My little Easter Peep I got at the beginning of March is starting to grow up. Thing is, he/she is different then the others. Different noise, shape and behavior. I have asked the question on a chicken forum, they say pullet. I asked in the chicken forum here, and they say rooster. Either way I'm keeping him.


----------



## Bonfire98 (May 25, 2013)

Im thinking pullet?


----------



## OwnedByTheGoats (Mar 7, 2013)

i would definitely say pullet.


----------



## Frosty (Feb 13, 2010)

I would say pullet.


----------



## TexasRanger (Feb 2, 2010)

Frosty said:


> I would say pullet.


Whats throwing me is this:

This is Freya, the same breed. Both are the same age.


----------



## OwnedByTheGoats (Mar 7, 2013)

Changed my mind, that is a rooster I think. I didn't realize how old they were.


----------



## TrinityRanch (Mar 26, 2013)

Well, its tail feathers are really long, but its eyes say it is a hen.

Maybe it's a hermie?! :ROFL:


----------



## Jessica84 (Oct 27, 2011)

No I would stick with girl, the fethers just dont have the same arch as the other. Even though same breed they are not going to look 100% the same.


----------



## Billythegoat (Feb 11, 2013)

It is a girl. There isn't any development of sickle feathers.


----------



## TexasRanger (Feb 2, 2010)

Billythegoat said:


> It is a girl. There isn't any development of *sickle feathers*.

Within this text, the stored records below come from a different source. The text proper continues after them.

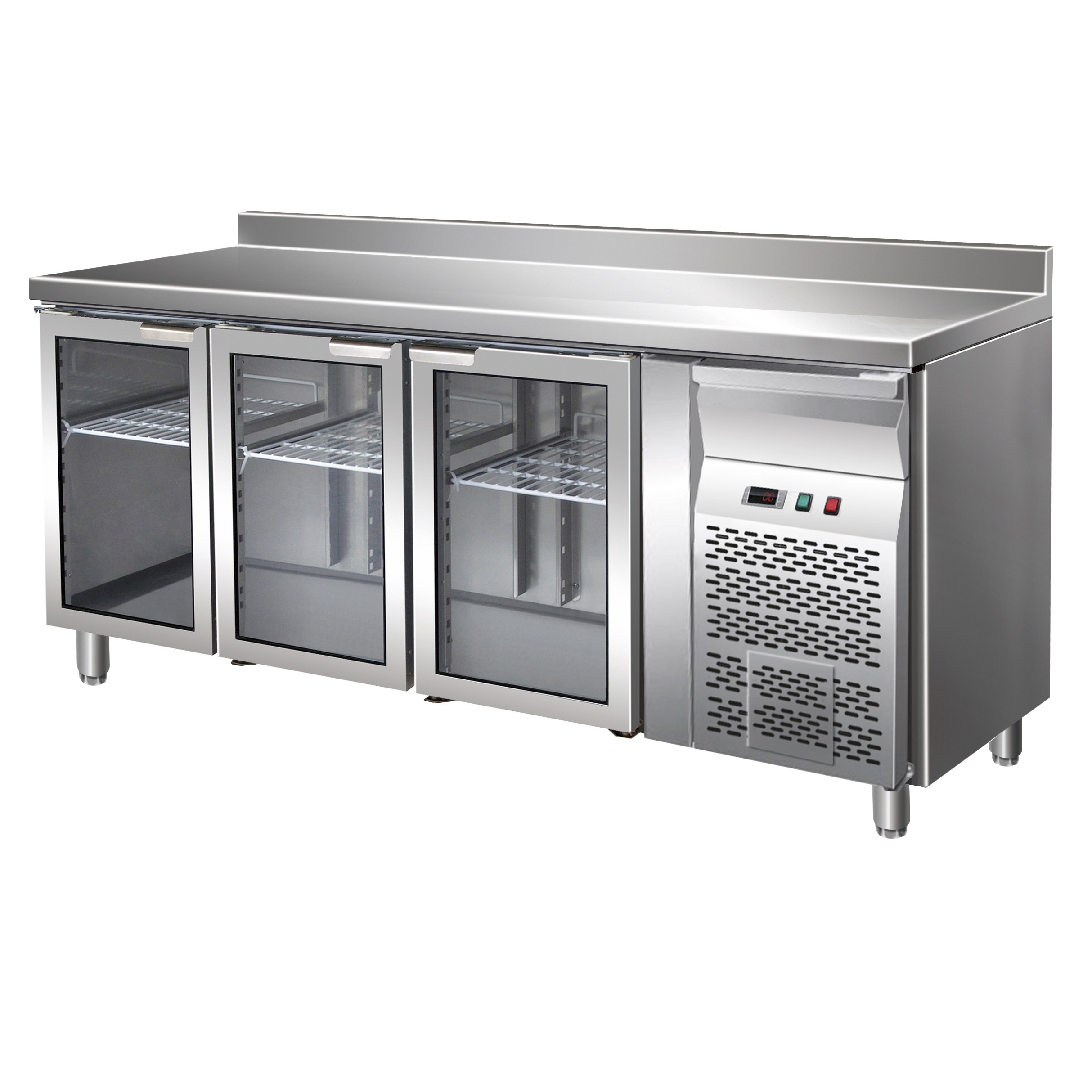 Mesa Refrigerada ventilada, 700 mm de profundidad 3 Puertas de vidrio y Peto, Temperatura +2°C/+8°C
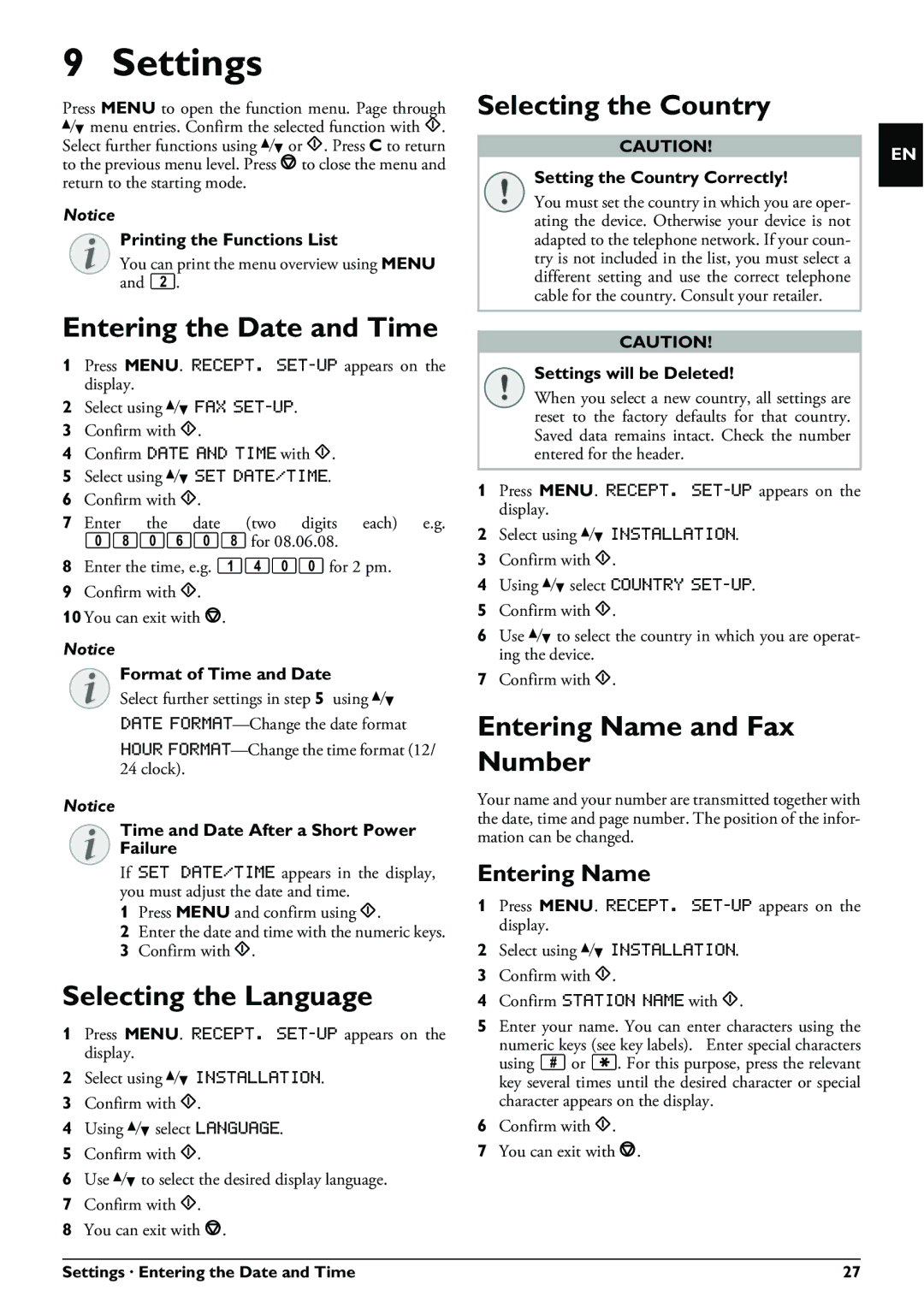 Philips IPF525, IPF555, IPF520 Settings, Entering the Date and Time, Selecting the Language, Selecting the Country 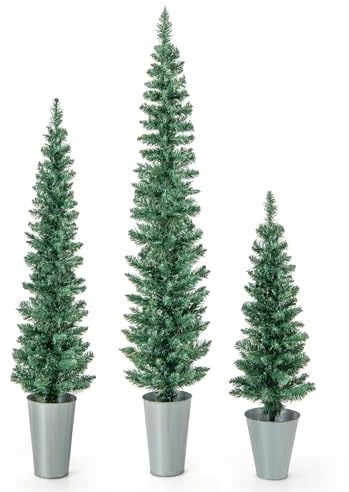 COSTWAY 3er Weihnachtsbaum Künstlich Bleistift, 90+120+150cm, Tannenbaum mit Sockel aus Metall, Kunstbaum Christbaum Weihnachten, für Zuhause Büro Geschäfte, Grün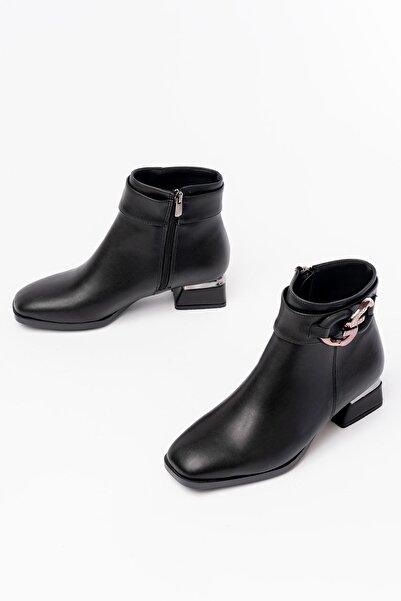 infon shoes creation RM-504 Siyah Toka Aksesuarlı Topuklu Fermuarlı Günlük Kadın Bot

What about these? Its hard to "capture" the way he really looks on camera, for seem reason the comb lightens (even without flash).


----------



## happybleats (Sep 12, 2010)

Ok..my chicken expert ( my 13 year old daughter) we call her the chicken whisper lol..said you have a rooster...the comb is more peaks which indicates it will grow like a rooster comb..plus the tail feathers are more spread eagle as she puts it..she did want me to say she is not and expert lol..but it is her best guess...
I do have to say around here she has a 98% right on rating lol..


----------



## Billythegoat (Feb 11, 2013)

From the pictures all the feathers appear very rounded so I'd still say hen. I don't really judge hen/rooster by comb because we have had hens we swear were roosters but yet lay eggs just because of their combs.


----------



## goatfarmer4891 (May 9, 2013)

I think she is a pullet. I had the same issue with one of my leghorns this year. One of them challenged me and made different clucks than the others, but it turned out that was just her personality!


----------



## happybleats (Sep 12, 2010)

DOes the chicken have spurs on the back of the legs..??? this would indicate Rooster..if not then most likely a hen...


----------



## Curious (Feb 6, 2013)

Also, at this age they'll start getting their saddle feathers in. That was one of the only way we could tell with our cochins this year! One of our bantams started crowing before he had any feathers, it was hilarious to hear the little chick voice crowing. I usually can tell but this guy has me stumped. I'm tempted to say rooster because his body type is leaner than the hens though.


----------